LeetCode Lowest Common Ancestor of a BST

Intermediate 8 min read

What you'll learn

✓How BST ordering turns LCA into a search
✓The recursive one-liner and the iterative version
✓Why this problem is strictly easier than LCA on a generic tree
✓Edge cases when one node is an ancestor of the other

Prerequisites

•BST basics — see Binary Trees: Introduction
•Comfort with tree recursion — see Recursion Fundamentals

LeetCode 235 — Lowest Common Ancestor of a Binary Search Tree — is the gentler twin of LeetCode 236. On a generic binary tree, finding the LCA requires a careful post-order trick. On a BST, the ordering hands you the answer almost for free: the LCA is the first node whose value sits between the two targets.

The Problem

Given the root of a BST and two nodes p and q (guaranteed to exist), return their lowest common ancestor — the deepest node that has both p and q as descendants. By convention, a node is a descendant of itself, so if p is an ancestor of q, the answer is p.

Brute Force

Forget about the BST property and treat it as a generic binary tree. Recurse left and right; if both sides return non-null, the current node is the LCA.

def lowestCommonAncestor(root, p, q):
    if not root or root is p or root is q:
        return root
    left = lowestCommonAncestor(root.left, p, q)
    right = lowestCommonAncestor(root.right, p, q)
    if left and right:
        return root
    return left or right

This is O(n) and works, but it wastes the structure. An interviewer will ask if you can do better.

Optimal Solution

Use the BST property. Walk from the root:

If both p and q are less than the current node, the LCA is in the left subtree.
If both are greater, it is in the right subtree.
Otherwise the current node splits them — it is the LCA.

def lowestCommonAncestor(root, p, q):
    node = root
    while node:
        if p.val < node.val and q.val < node.val:
            node = node.left
        elif p.val > node.val and q.val > node.val:
            node = node.right
        else:
            return node

Iterative, O(h) time, O(1) space. The recursive version is identical in structure but uses O(h) stack.

Walk Through an Example

Take the BST [6, 2, 8, 0, 4, 7, 9, null, null, 3, 5] with p = 2 and q = 8.

Start at 6. p.val = 2 < 6 and q.val = 8 > 6. They split here. Return 6.

Now try p = 2, q = 4.

Start at 6. Both targets are less than 6. Go left.
At 2. Now p equals the current node. Since p.val is not strictly less and not strictly greater, the condition falls through to return node. Answer: 2.

The “node is a descendant of itself” rule is exactly what makes the early termination clean.

Edge Cases

One node is an ancestor of the other — handled, because the comparison falls through when one value equals the current node.
p and q are the same node — return that node.
A skewed BST that is essentially a sorted linked list — still O(h), where h equals n. Worth flagging in interview if you suspect adversarial input.
The tree contains duplicates — the standard problem forbids this; if asked, you must define BST strictness first.

Complexity Analysis

Time is O(h) where h is tree height. Balanced BST gives O(log n), skewed BST gives O(n). Space is O(1) for the iterative version and O(h) for the recursive one. The brute-force generic-tree solution remains O(n) time and O(n) space.
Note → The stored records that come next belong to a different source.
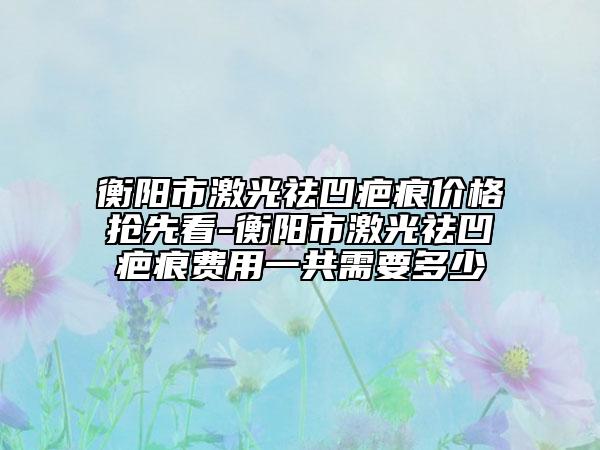 衡阳市激光祛凹疤痕价格抢先看-衡阳市激光祛凹疤痕费用一共需要多少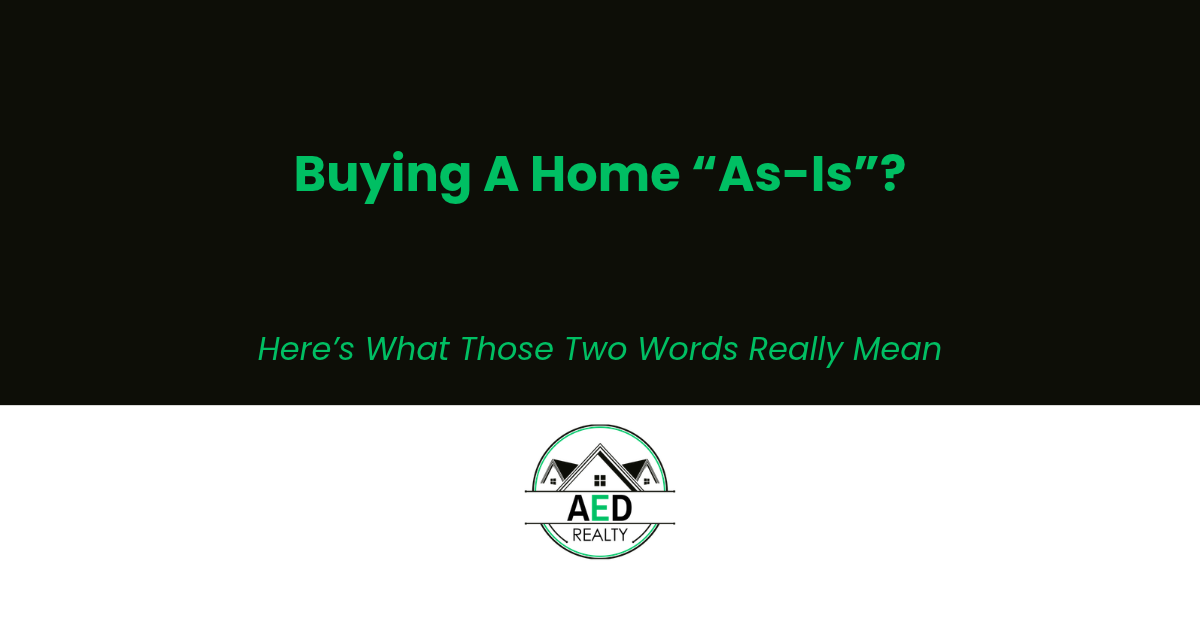 What Does “As-Is” Really Mean When Buying a Home in Illinois?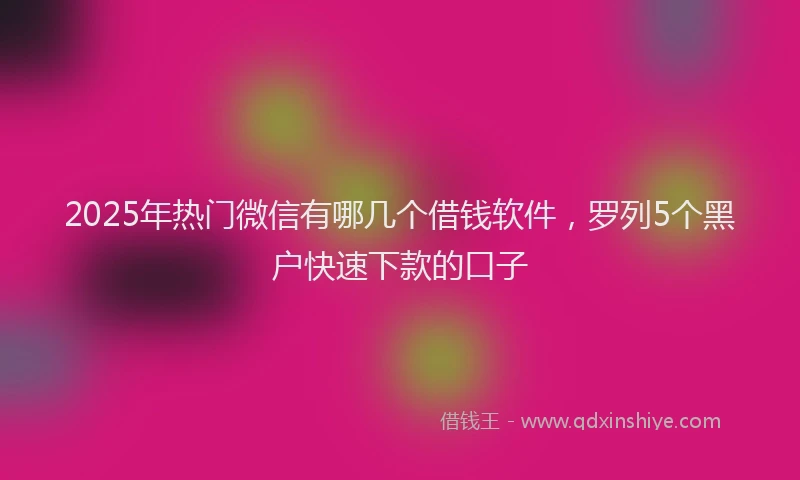 2025年热门微信有哪几个借钱软件，罗列5个黑户快速下款的口子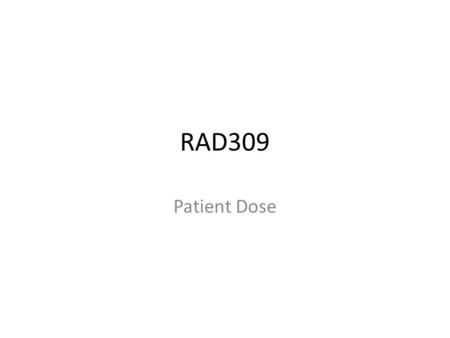 RAD309 Patient Dose.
If the comparison of “O(h) vs O(n)” feels fuzzy, the Big-O notation post covers how to talk about height-bound complexities cleanly.

How to Explain It in an Interview

State the property first: “In a BST, the LCA of p and q is the first node on the root-to-leaf path whose value lies between them, inclusive.” Then derive the three cases. Mention you could fall back to the generic LCA approach if the BST invariant were broken. Close with the space trade — recursive is shorter, iterative wins on stack frames.

LeetCode 236 — Lowest Common Ancestor of a Binary Tree (the generic version)
LeetCode 1644 — LCA when nodes may not exist
LeetCode 1650 — LCA with parent pointers
LeetCode 98 — Validate Binary Search Tree

For deeper coverage of traversals that LCA-style problems lean on, see Binary Tree Traversals.

Wrap up

LCA on a BST is the rare problem where the optimal solution is shorter than the brute force and runs in less memory. The lesson is to always ask: what invariant does the data structure give me? Here, sorted order collapses an entire DFS into a guided walk. Lock in the three-case template and this problem becomes a freebie.